Participation in a structured treatment program is associated with an improvement in quality of life of older people with type 2 diabetes [31]. Focusing on the needs of older persons can improve diabetes control and reduce acute complications better than standard group education [7]. In this study, participation in a training program was planned for the vast majority, including persons with cognitive deficiency. The SGS program was especially developed for older persons with diabetes, considering the limited resources and learning capabilities of older people. It is done in groups of four to six persons and provides self-management skills especially in insulin therapy. It is effective in improving metabolic control and in maintaining independence in older patients with diabetes [7]. In this study, an adequate education with adapted programs was definitely under-represented for the older patient pool [32]. In addition, the importance of diabetes training for relatives was apparently underestimated. This is of relevance because the diabetes knowledge of related carers can only be rated insignificantly higher than that of the older populations [33].

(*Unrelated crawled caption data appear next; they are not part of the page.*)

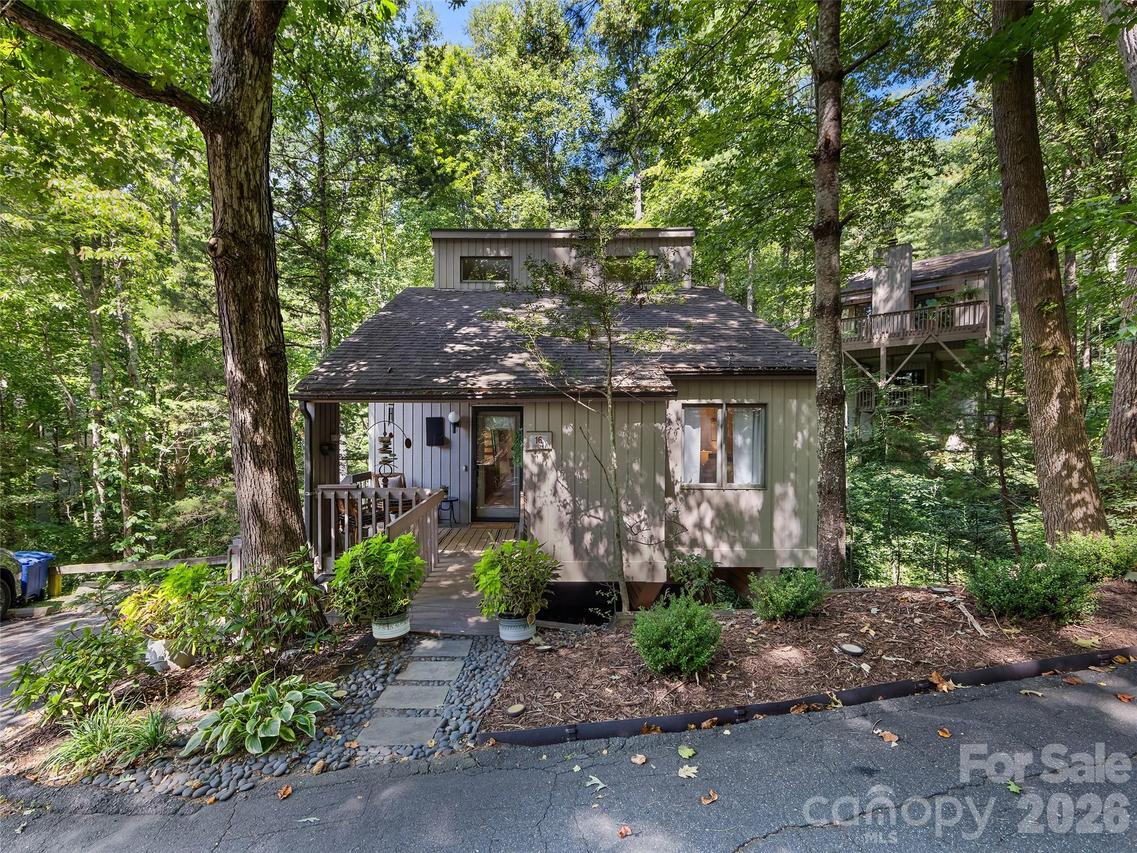 16 Cedarwood Dr., Asheville, NC 28803
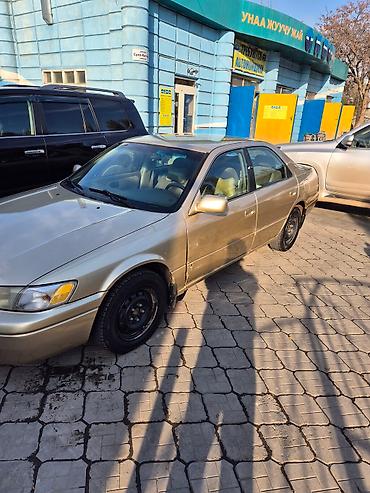 Транспорт: Toyota Camry: 1997 г., 2.2 л, Автомат, Бензин, Седан — 3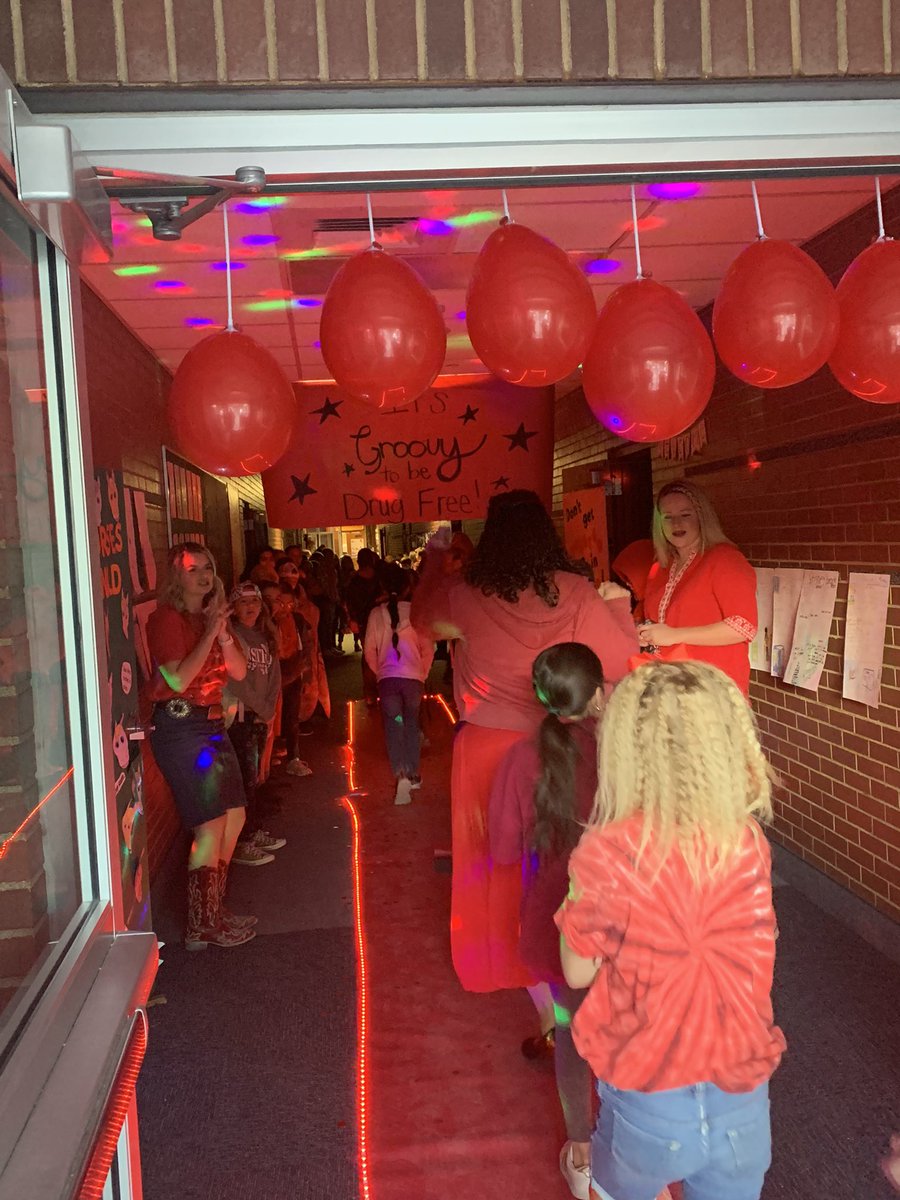 k_swinn's tweet photo. Kicking off Red Ribbon Week with a celebration! It was wonderful! Thank you Mrs. Henderson and Mrs Albrecht! @AlbrechtKayona @HannahH93944928 #sesleavingtracks #seviersdstrong https://t.co/ph4araRoGq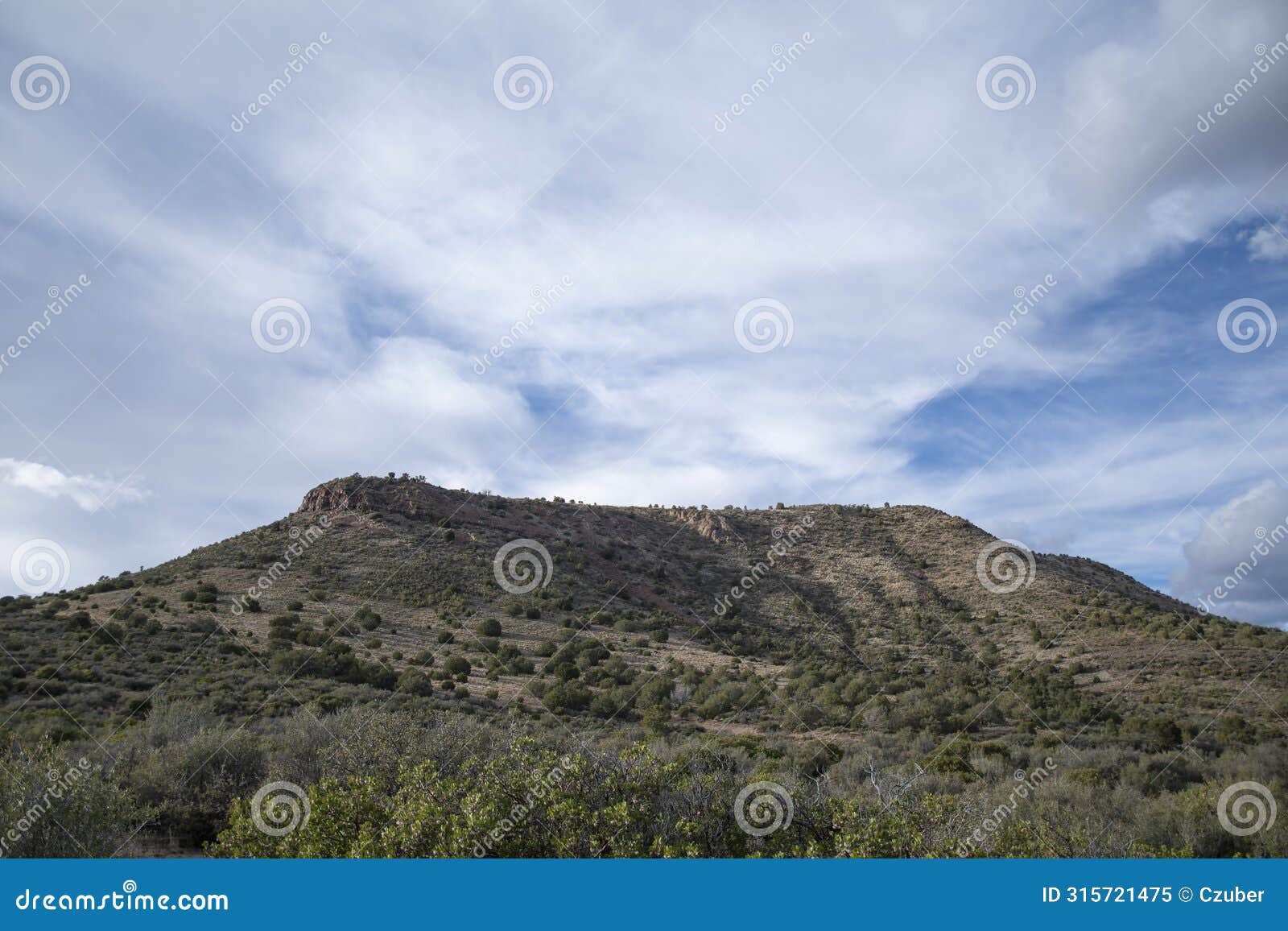 arizona rugged mountain landscape in afternoon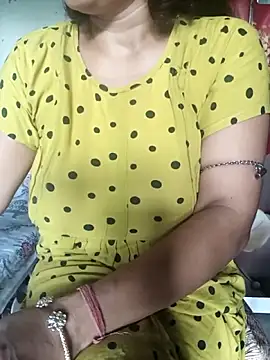 Snapshot of Sneha_gril chatting on 09/29/25, 10:09 Sneha gril online show from 09/29/25, 10:09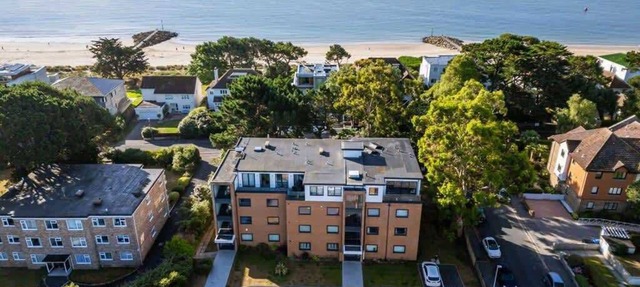Sandy Shores - 2-bed flat on Sandbanks Peninsular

The strength of the study is the high number of patients reached. with 500 of about 1.150 diabetologic centers evenly allocated in Germany [14]. Even if we do not know the reasons for non-attendance, we believe this is a fairly good result for a survey. A limitation of this study is the lack of operationalization, as most of the geriatric syndromes were only assigned by the experience of the treating practitioner. Further research including a comprehensive geriatric assessment to quantify the resources and deficits of this population should be performed. Furthermore, diabetes complications as nephropathy, retinopathy, and polyneuropathy may be underestimated because of the protocol of this study. The VEGAS study demonstrates that further efforts are required to improve the healthcare situation of older people with diabetes with respect to the high prevalence of geriatric syndromes and co-morbidity during de novo insulin treatment.